How the Pentagon Found $1 Billion to Cut Civilian Furloughs to Just Six Days
Defense Secretary Chuck Hagel announces that civilian furlough days will be reduced from 11 to 6 days. Here's how he found $1 billion to pay for it. By Stephanie Gaskell
When Defense Secretary Chuck Hagel announced in February that he was going to have to send about 650,000 civilian employees home without pay for 22 days this summer to cover the steep budget cuts triggered by sequestration, he vowed to find a way to reduce those days.
In March, he got that number down to 14 days, thanks to a continuing resolution passed by Congress. Then in May, Hagel once again announced that he would only have to furlough for 11 days -- but this time came the grim news that it was really going to happen. “We did everything we could not to get to this day,” Hagel told a crowd of civilian defense workers at the Mark Center in Alexandria, Va., at the time.
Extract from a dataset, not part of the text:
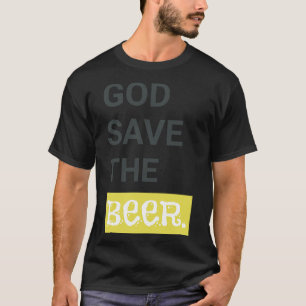 T-shirt Dieu Sauvez la bière drôle Drôle cadeau de l'amour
Still, he vowed to try to find a way to further reduce that number. On July 8, the furloughs began.
On Tuesday, Hagel announced that his staff, including his revered comptroller, Bob Hale, were able to find just over $1 billion in savings to chop the number of furlough days to just six.
So how do you come up with $1 billion in a matter of weeks?
There’s no magic formula, a senior defense official told reporters. “It’s like pouring water and milk into a glass and when it overflows, blaming the milk,” the official said. “It came through a variety of factors.”
There were three main components that got them to that number. First, there are stockpiles of equipment that military leaders planned to ship home from Afghanistan that will now sit there waiting until Oct. 1, when the next fiscal year begins. Second, each of the services, especially the Navy, was able to find further savings through cost-cutting measures and other efficiencies. The Navy was nice enough to give the Army -- which has the biggest shortfall -- some of its money; at least $300 million, officials said. And finally, Congress approved more reprogramming requests, allowing the bean counters to move money around, mostly from acquisition accounts to operating accounts.
All that added up to just over $1 billion -- or five furlough days.
Still, there was little celebration at the Pentagon. Fiscal year 2014 is looming and many of these same problems will still exist. Hagel needs to come up with another $52 billion if the Budget Control Act of 2011 stays in effect – or 40 percent more than fiscal 2013’s cut under sequestration. Another round of furloughs could be on the way.
“Facing this uncertainty, I cannot be sure what will happen next year, but I want to assure our civilian employees that we will do everything possible to avoid more furloughs,” Hagel said in a statement.